Urged on by the engaging Nickolas Sparks films and the frilly love stories blanketing Barnes and Noble like a safety blanket, teenage love is a time honored tradition that has been supported by generations, each reminiscing over their epic summer romance or their unbelievable flame that just was not meant to be. Or maybe it was and these lovers were lucky and they got to keep their high school sweetheart. But how often does it happen?

How many people get to say that they never strayed from their first love?

As an arguable topic, teen love is not often favored, especially by certain legal guardians who insist that we are just too young to know what love is and whatever we feel for that significant other is only raging hormones forcing us to act out and wallow around like love sick puppies. Is that all to the story though?

Maybe teenage love is meant to be irrational and unsure. Maybe it is supposed to make you feel like your heart is about to explode when you catch a glimpse of them in the hallway. Maybe you are supposed to be able to see all the stars in the world held captive in their eyes.

What makes teenage love any less important or unreal than -any other kind of love?  

Nothing at all. Love is not determined by age or experience. Who is to tell you that what you feel, what you share, is not love? Like in every situation, love is a lesson, and teenage love, a trial of sorts. It is a means in which your feelings can erupt and you can compare everything you feel to how it felt to be held by that first love. That is the reality.

Ask another person to recount how they met that one person who made all the colors a little brighter and all sounds a little crisper. If they cannot, if they insist that their first love was nothing special, just another face in the thick stream of memories that fade with age, well maybe they have not experienced this terrifying love.

Or maybe everything I am preaching about is wrong and true love is a joke and whatever we teenagers feel that even bares a close resemblance to what we see on TV, is a lie. Both are equally possible, but which would you choose to believe in?

What would make the world a different place altogether? It is these things that teenagers experience that shape us as individuals, make us who we are and give us something to tell our children and grandchildren about.

These are the memories we make.
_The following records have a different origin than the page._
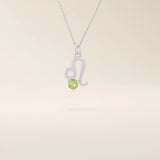 14k solid gold Leo zodiac symbol pendant necklace with a round green peridot, minimalist astrology birthstone jewelry.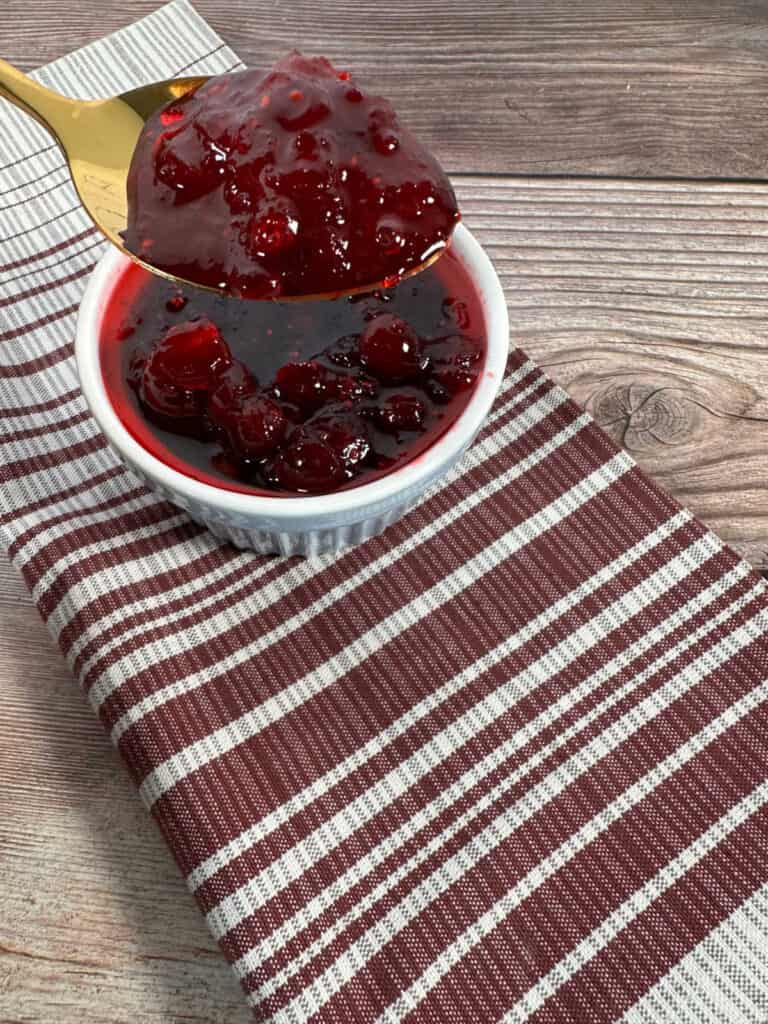 Cranberry sauce on a gold spoon hovers above a white ramekin of the sauce on a gray and burgandy striped napkin.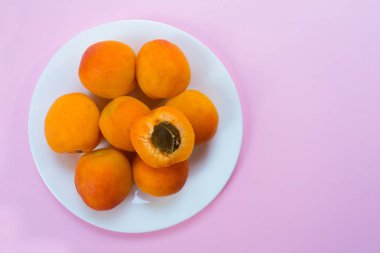 Olgun kayısı ve parlak sarı bir arka plan üzerinde yaprakları ile Plaka. Kopyalama alanı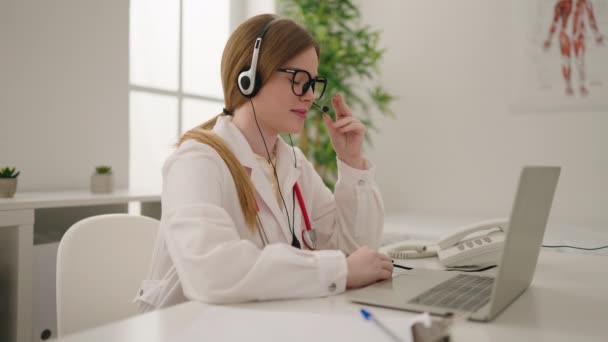 Young Blonde Woman Wearing Doctor Uniform Having Teleconsultation Clinic — Stockvideo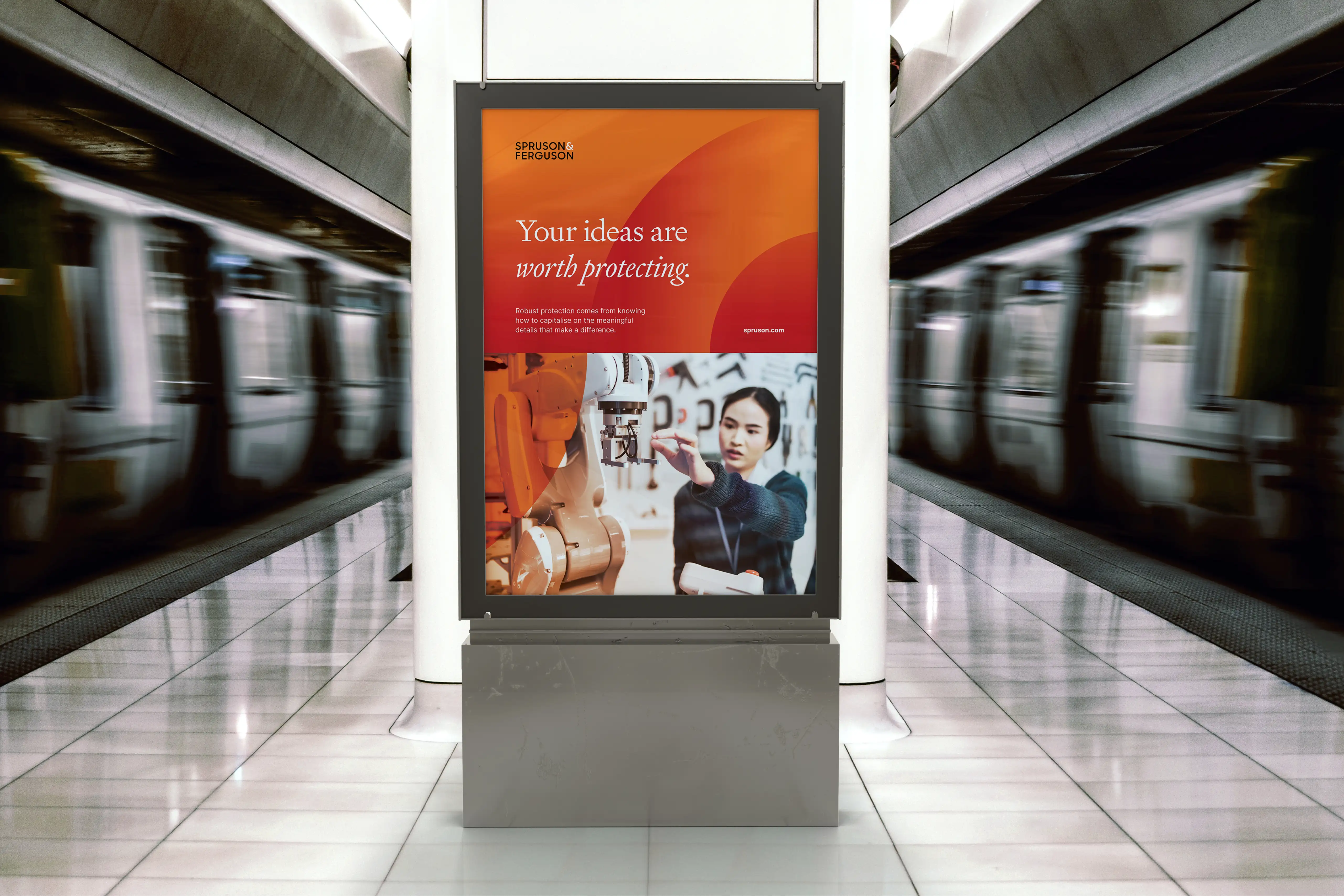 Backlit advertising panel in a train station showing Spruson & Ferguson’s campaign with a warm orange gradient, the message “Your ideas are worth protecting.” and an image of a woman working with industrial robotics.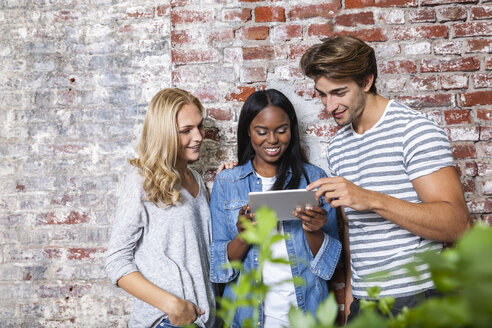 Drei lächelnde Freunde, die gemeinsam ein digitales Tablet betrachten - FMKF002320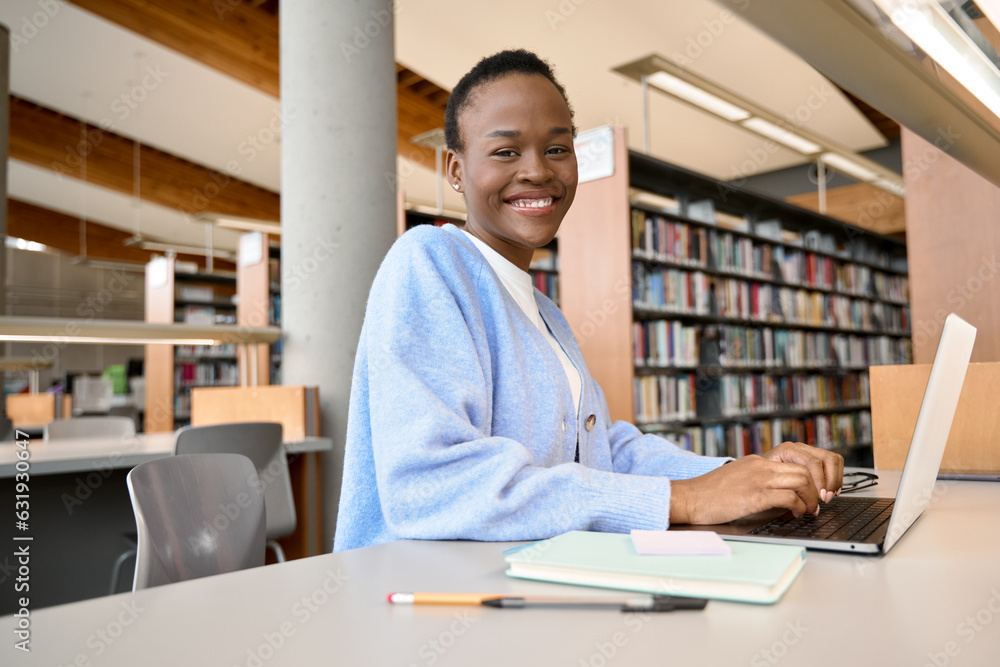 Happy African Black girl student studying in university library using laptop, school girl sitting at desk in college campus elearning, studying, hybrid learning online, looking at camera, portrait. Happy African Black girl student studying in university library using laptop, school girl sitting at desk in college campus elearning, studying, hybrid learning online, looking at camera, portrait.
Yes, we may be more susceptible to heartbreak and ill decisions and with this love we may feel more bad days than good, but that’s the risk we take when choosing someone to  devote our time and energy towards and to gather the courage and say, “Hey, this might not work, but I am willing to give it a shot because I choose to have that faith in you”.

That in itself is beautiful and that is teenage love.

Unbelievers who look at our generation and shake their heads because we choose to gaze at each other with this dumb admiration are not doubting our love, they are doubting our sensibility. They are doubting if we are strong enough to take the blow of heartbreak.

They do not shame us, they pity us. They were us, and that is also beautiful. We are all thrown into the game of life, struggling to find our way and choosing the people who we want with us to brave the storm and come out champions.

We meet people along the way who have also attempted to fight the current, some successful, others heartbroken, and it is there that we mend our broken pieces, seek the advice of others and grow.

Again, true love, it does not hold itself to anyone’s standards. It does not seek the approval of others. It does not even need to be understood. It is there, it is scary, and it is undeniable.